Quanta gala então: meses com aulas de Catecismo exercitando abstrações sofisticadas, verdadeiros enigmas místicos do tipo: como entender um Deus uno e trino ao mesmo tempo; o dogma da virgindade de Maria “concebida sem pecado”; a hierarquia dos anjos e o inquietante Espírito Santo. A “transubstanciação” era um mistério insondável que, na estreiteza da adolescência mal começada, deveria aceitar sem qualquer questionamento. E teria que acatar o significado do batismo, da crisma, a infalibilidade do Papa… Além de tantos pressupostos etéreos, era preciso cumprir o barroco regramento ritualístico da Primeira Eucaristia. No mais: roupa nova, missal, vela, altares decorados com flores brancas, e as inefáveis fotos… Ah as fotos… Ah as fotos da Primeira Comunhão…
Exame de consciência era o que mais intimidava
Nessa trama complexa, um detalhe me pegava mais que outros: a confissão. Que dizer do fasto do confessionário, aquela capelinha envernizada, de madeira escura, estrategicamente situada na lateral da igreja.
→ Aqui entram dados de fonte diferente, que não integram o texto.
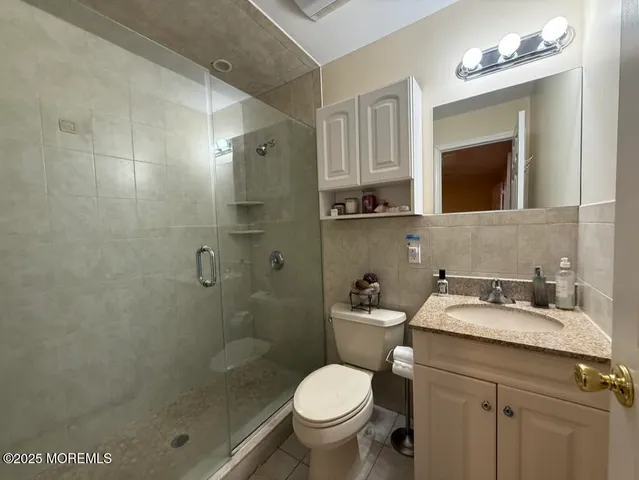 a bathroom with a granite countertop toilet sink and shower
E como explicar o fatal genuflexório que de saída me submetia ao juízo de um padre que me perdoaria mediante minha autoacusação. Tudo intimidava na situação confessional, a começar pelo prévio e cuidadoso “exame de consciência”. Sim, não caberia improvisar, fazia-se necessário uma preparação, algo tipo ensaio, para depois pedir a remissão dos pecados e, contrito, jurar não mais cometê-los.
Pelo retrovisor da memória, fico pensando na retórica que tinha que cabia para amplificar o escopo de meus “pecadinhos”. Por mais pecante que fosse naqueles parcos anos somados, pouco tinha a escandalizar o grave ouvinte, mas, o aparato era tão grandioso que valia exagerar. Sim, eu alargava minhas faltinhas, pois haveria de ser coerente com o “Ato de contrição” que apregoa “eu, pecador, me confesso a Deus Todo-poderoso e a vós irmãos, que pequei muitas vezes por pensamentos, palavras, atos e omissões” e ainda, com toda dramaticidade, deveria bater no peito assumindo que as “terríveis mazelas”, eram atribuídas à “minha culpa, minha tão grande culpa”. Aliás, o ponto alto desse movimento soava funesto “e peço à Virgem Maria, anjos e santos e a vós meus irmãos, que rogueis por mim a Deus Nosso Senhor”.
Até os pecados foram atualizados
Ao longo dos anos, continuei me confessando, mas segredo que fui me tornando mais amigo de Deus e, na camaradagem que nos aproximava, fui mudando o tratamento confessional e assim, mais velhinho, corrompi os protocolos do catolicismo catiço. Com certeza, ter vivido os tumultuados anos do Concílio Vaticano II – convocado em 1959, efetivado durante o ano de 1962, atravessando os anos até 1965 – me foi fundamental. Com a cúpula da igreja eu também me atualizava e tudo foi acelerado mais tarde com as Conferências Episcopais Latino-americanas. Sim, participei da mudança da percepção da igreja que saía de seus muros e atuava mais moderna fora de seus portões e altares.
Olhando o passado, observando o processo de mudanças do mundo religioso, fico imaginando como me confessaria hoje em dia. Medito sobre isso, principalmente tendo em vista a proposta que considera os “novos pecados”. E foi o Papa Bento XVI que decretou que as novas faltas capitais são outras sete, a saber: 1- Pressa: uma pessoa apressada não tem tempo para Deus; 2 – Manipulação genética: isso seria “brincar de Deus”; 3 – Interferir no Meio Ambiente; 4 – Causar pobreza; 5 – Ser muito rico; 6 – Corromper pessoas e o sistema; 7- Causar injustiça social e promover a desigualdade.
Revendo esta lista, prezando o que era condenável no passado, sem negar qualquer evolução, sinceramente, acho que posso voltar a me confessar e desconsiderar os vetustos confessionários.